Over the weekend there have been some developments in a story that most were discounting as of Friday of last week. On Friday, May 11th, Jason Kirk was reporting that the Florida State Seminoles going to the Big 12 was just a rumor and nothing more. Beyond this, the FSU AD stated quite plainly that the 'Noles were happy in the ACC and had no plans to jump ship. Then came the weekend.
On Saturday the whole discussion took on another complexion. The chairman of the the FSU Board of Trustees took some shots at the ACC and said that FSU would be willing to listen to what the Big XII had to offer. The chairman, Andy Haggard, complained that the conference tier 3 rights were given up for football, but retained for basketball, which unfairly benefitted the Carolina schools. Not only would Florida State be interested in the Big XII, but the Big XII would happily entertain the idea of adding a quality football team, like the 'Noles, into its fold. Jimbo Fisher, not to be outdone, has also thrown his hat into the ring, by telling the Orlando Sentinel, and come out solidly in favor of an exit from the ACC and a jump to the Big XII.

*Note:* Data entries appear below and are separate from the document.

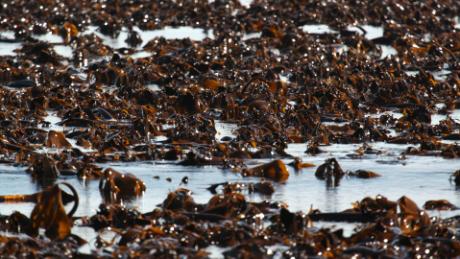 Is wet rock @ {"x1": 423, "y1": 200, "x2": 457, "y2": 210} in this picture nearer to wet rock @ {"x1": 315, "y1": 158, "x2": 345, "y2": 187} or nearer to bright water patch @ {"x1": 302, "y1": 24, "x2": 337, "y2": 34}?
wet rock @ {"x1": 315, "y1": 158, "x2": 345, "y2": 187}

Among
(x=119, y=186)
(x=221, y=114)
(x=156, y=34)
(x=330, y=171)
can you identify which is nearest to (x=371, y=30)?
(x=156, y=34)

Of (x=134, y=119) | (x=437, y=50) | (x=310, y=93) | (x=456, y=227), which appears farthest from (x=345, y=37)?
(x=456, y=227)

On Sunday, May 13th, FSU president Eric Barron came out to clarify the matter. He said:
Florida State University regrets that misinformation about the provisions of the ACC contract has unnecessarily renewed the controversy and speculation about University's athletic conference alignment. Florida State respects the views of the Chair of its Board of Trustees that, of course, any university would examine options that would impact university academics, athletics or finances. At the same time, Florida State is not seeking an alternative to the ACC nor are we considering alternatives. Our current commitments remain strong.
Of interest is the statement, "... any university would examine options that would impact university academics, athletics or finances." That means, if the Big XII helps pay the $20 million and has more to offer per year than the ACC, it would impact the FSU athletics tremendously and lead to more exposure, which in turn kicks up total student applications, especially those willing to pay out of state rates, which in turn helps fund academics.
This rumor actually started because FSU was said to be running a $2.4 million dollar athletic deficit:
So here's Florida State, which acknowledged this spring it is running an operating deficit and may have to trim up to $2.4 million a year in expenditures. It's saddled with what it considers a less-than-desirable football schedule as it tries to lure 80,000-plus all the way to the Panhandle. The addition of Syracuse and Pitt to the league slate won't help that problem in the least. And it's literally surrounded by cash-rich SEC clubs.
The original rumor also had the Clemson Tigers as the travel partner for the 'Noles. According to the SB Nation this morning, it is actually the Miami Hurricanes, who are interested in accompanying the Seminoles to the Big XII. The loss of Miami and Florida State would be a severe blow to the ACC, but this potential departure would be the worst possible case scenario for the now floundering Big East. As has been well documented by Brett McMurphy and CBS sports, the Boise State Broncos and San Diego State Aztecs might be having second thoughts about leaving the Mountain West for the Big East. Add to this the news that Pitt is suing the Big East for the right to leave in 2013 and not 2014, as had been originally slated, and the Big East is in real turmoil, if not in serious trouble. WVU was able to leave early and paid a penalty, which seems to be Pitt's intent. If Pitt is successful, and with the WVU precedent it is hard to imagine that it wouldn't be, that leaves the door wide open for Syracuse to walk out hand-in-hand with Pitt.
BSU and SDSU have escape clauses, or so called get out of jail free cards (or get out of jail cheaper cards), which reduce the exit fees if there are significant changes in the Big East membership or TV contracts. That being said, it is difficult to imagine a scenario in which the ACC would not quickly accept UCONN and Rutgers if the Seminoles and Hurricanes walk out of camp. Good news for the BE in that scenario is that Louisville and Cincinnati would no longer be on the Big XII's short list, but at what price? With the loss of membership in the state of Florida, the ACC could, instead, look at USF / UCF. Regardless of which scenario takes place, it would involve a minimum of two BE teams being poached in addition to Pitt and Syracuse. The loss of further members would also strengthen the case against the BE for retaining either Pitt / Syracuse or BSU / SDSU. It would also significantly reduce TV contract payouts and weaken the BE's bargaining position. The BE would be forced to pull two more C-USA teams, such as ECU and Southern Miss, and further degrade the BE product. In an even worse case scenario, the ACC could seek to add 4 to finally get to 16, add more stability and try to leverage those teams into slightly higher payouts, helping it retain teams it would otherwise lose. If that were to happen, it is difficult to see the non-football teams staying in the BE which has recently lost its reactionary commissioner and seems to be bleeding teams at an absorbent rate. Any way you look at it, FSU could be the first domino in a big chain of events, which would shake the landscape of college football immensely.